The tranquility of the lake granted me the escape I required from reality. It never loses its exquisiteness; the reason why it is the ideal solution for any distressing time in my life. I sat on the rough seats admiring the sky as the colorful birds flew over my head. The shockingly blue sky was too flawless to possibly be real. The whooshing breeze raced through my hair influencing the trees to move forward and backward, influencing me to feel that I was not the only one on the lakeshore. The earthy scent of the lake reminded me of my youth.
The lake was as silver as the flames of diamond, and the surrounding environment was very quiet. But the lake was very different from this on the 23rd August, 2018. A couple of days ago, more than 200 first year undergraduates began their scholarly journey at Lyon College. To make them feel at home, Lyon facilitated Weeks of Welcome (WOW), a week-long program. New students competed for a raft-race according to the tradition.

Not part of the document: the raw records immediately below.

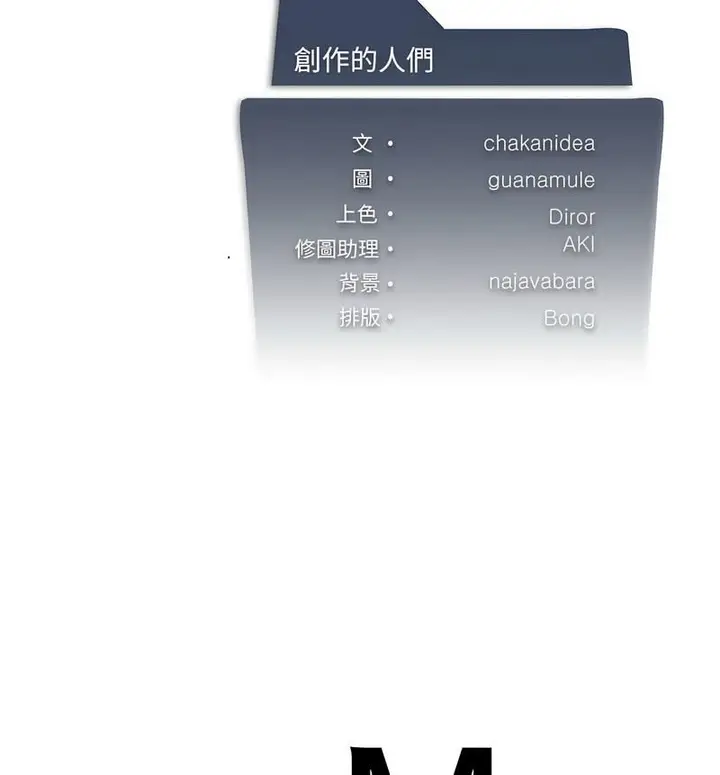 漫画《我靠升级逆袭成为大师》第6话第130张图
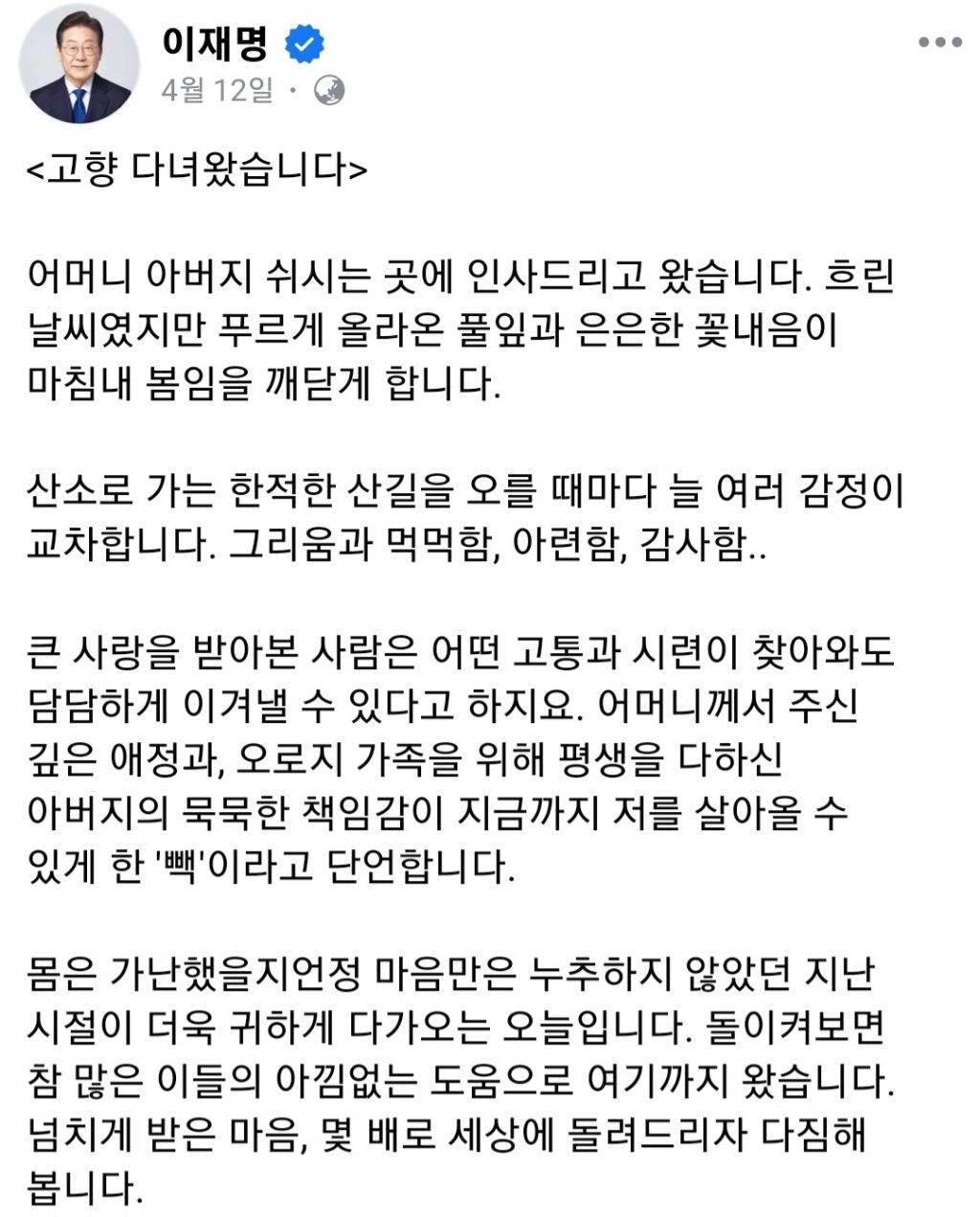오늘자 어머니 생각에 눈물 흘리는 이재명 | 인스티즈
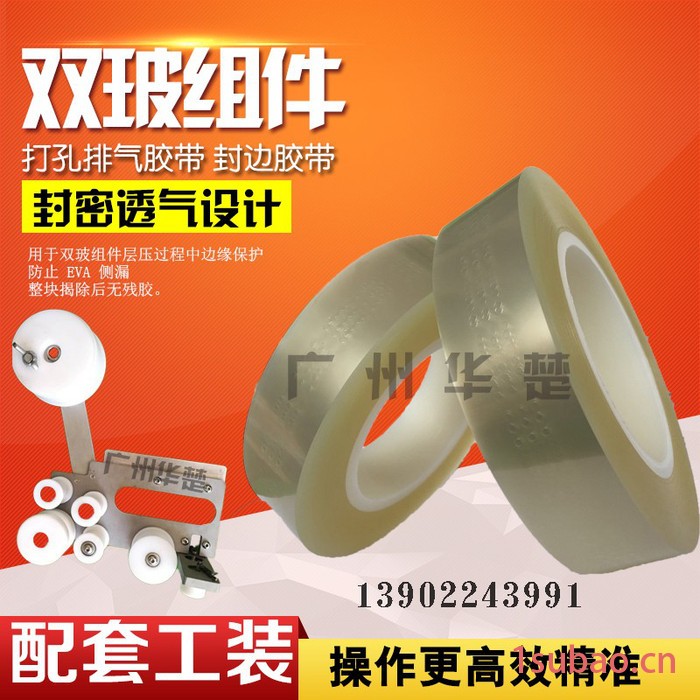 双玻组件封边胶带图3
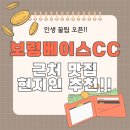 보령베이스컨트리클럽 | 보령베이스CC 해장국 한 그릇 맛집, 라운딩 전에 아침식사로 속 풀고 출발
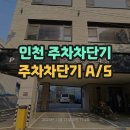 익생춘한의원 이미지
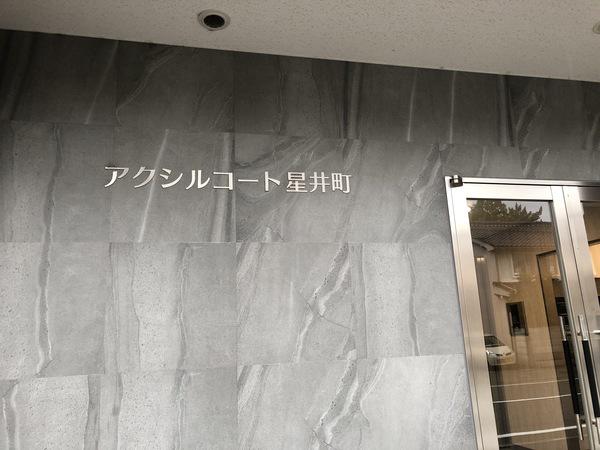 アクシルコート星井町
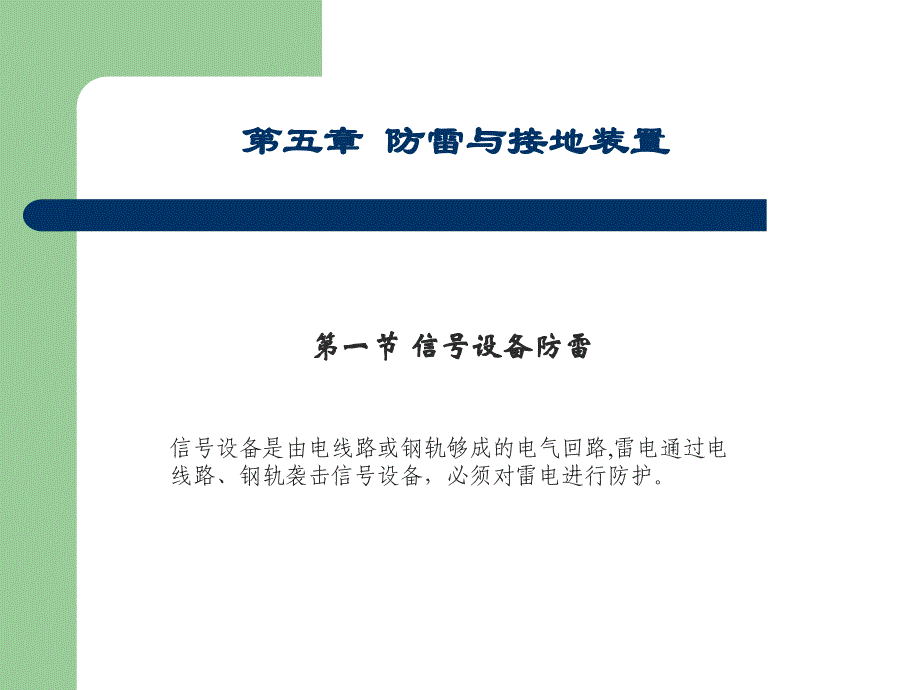 铁路信号基础5共六册_第1页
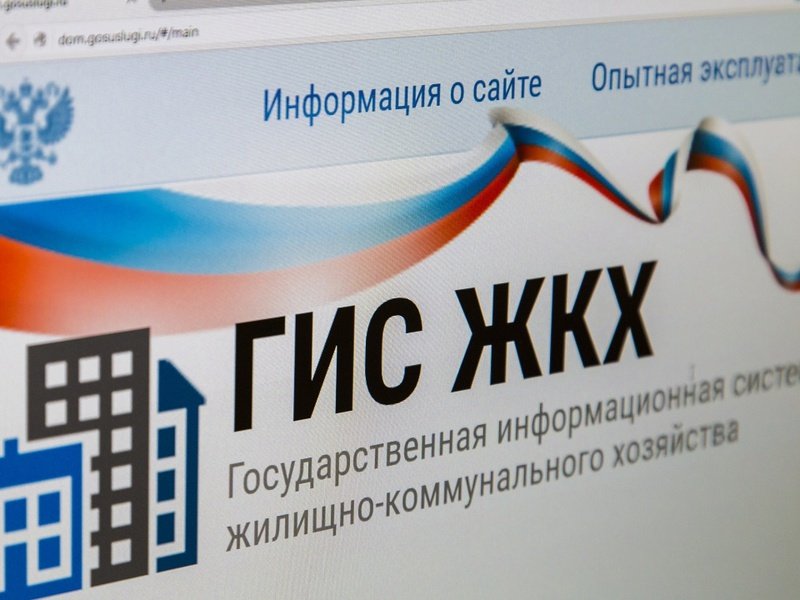 Новый информационный ресурс ЖКХ запущен в России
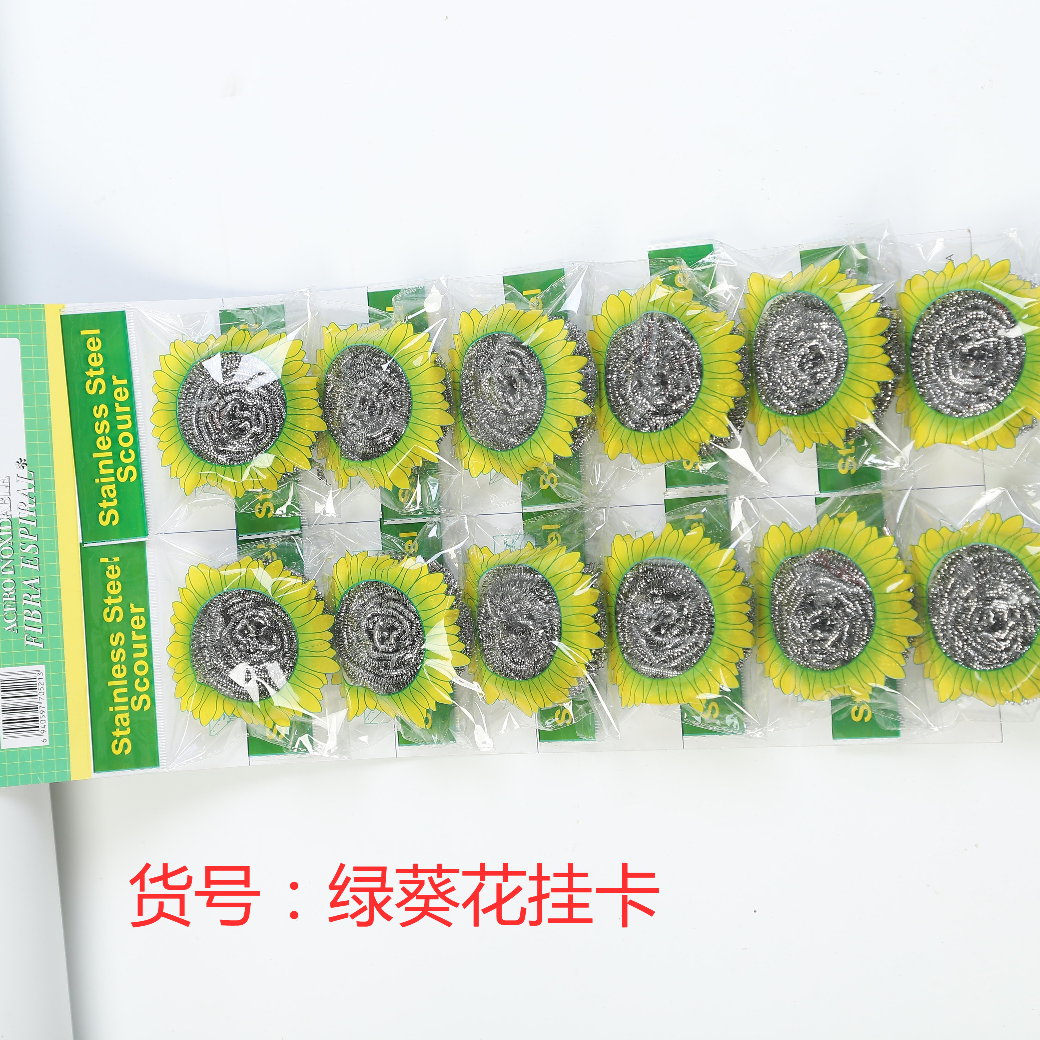厂家直销国勇清洁球，绿葵花小号粘卡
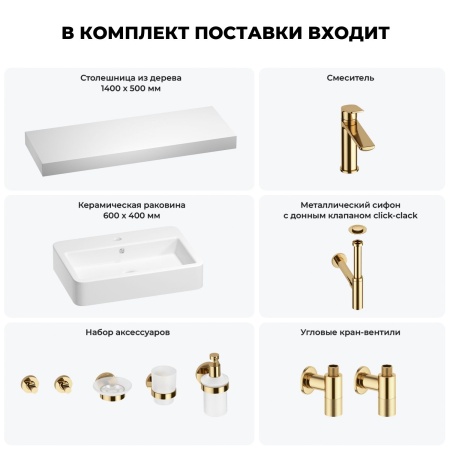 Раковина 60 см со столешницей 140 см Wellsee Halcyon 201012133 в наборе 10 в 1: столешница, раковина, смеситель, сифон, донный клапан, угловые вентили, аксессуары (цвет золото)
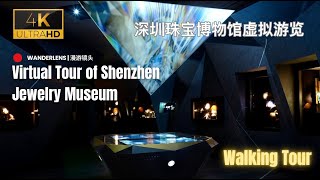 深圳珠宝博物馆虚拟游览：领略珍贵宝石与艺术的完美结合 💎 | Virtual Tour of Shenzhen Jewelry Museum: Precious Gems and Art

I have completed a variety of group works in the past. However, this one was unquestionably the most intriguing among every one of them. From the beginning, I was thrilled to hear that the Year One class would make its yearly cardboard raft. We were gathered into groups of a few people, and our challenge was to make a cardboard raft only with cardboards, duck-tapes, and paint. Additionally, the raft must have the capacity to fit two individuals and to carry them securely across the Bryan Lake. This made the task exceptionally difficult as building a water vessel out of cardboard is no simple mission.
Fortunately, I had some great members, and we arranged everything exceptionally well. This helped us to complete the task on time. We made it as well as it could be expected to be. After designing the outline, the rest was simple.
I learned how to make a group project work. I had been in groups where I had to deal with finishing the whole project myself, or with only one other individual. It was vital that everybody in the group does their part, and everybody did in this project.
“Ding Dong! Ding-Dong”
Hearing the bell of the Lyon building, I came back to reality. It’s time to leave. I looked back at the lake one more time. Truth be told, nature happens to be the best cure of all. It feels like the wonderful white birds, dazzling blue and white sky, the bouncing leaves, and the white will never stop to amaze me.